TASK OBJECTIVE =>
Only the pictures are to be left out; the listing itself is repeated exactly.

DATA BLOCK =>

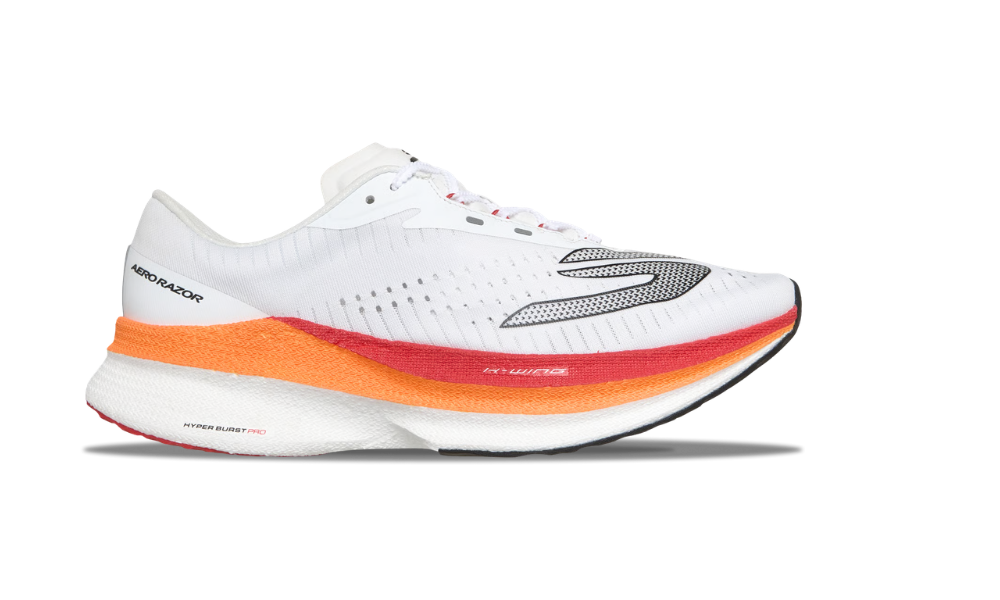 LA SPORTIVA PRODIGIO 2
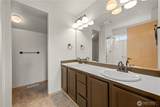 5419 67th Street - Photo 16
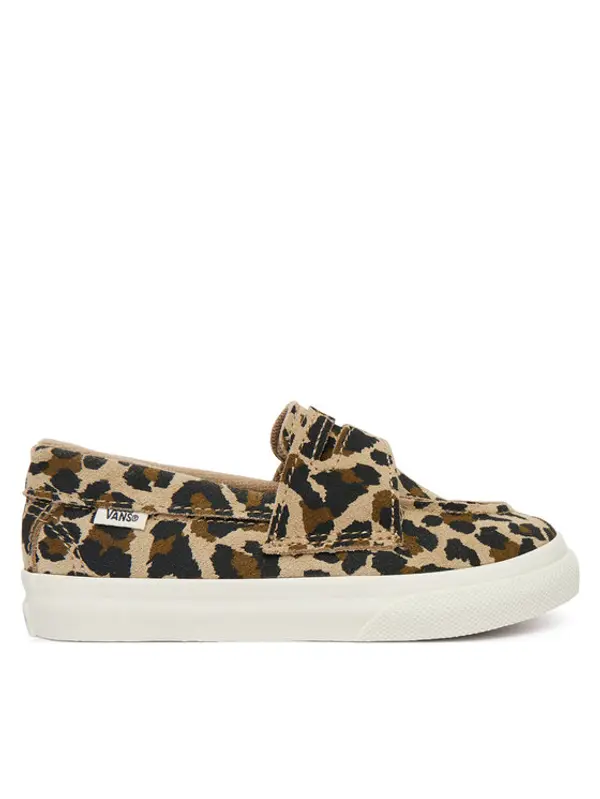 Vans Vans Cipele Loafer 53 VN000Z5YD7E1 Bež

TASK RESPONSE =>
 LA SPORTIVA PRODIGIO 2
 5419 67th Street - Photo 16
 Vans Vans Cipele Loafer 53 VN000Z5YD7E1 Bež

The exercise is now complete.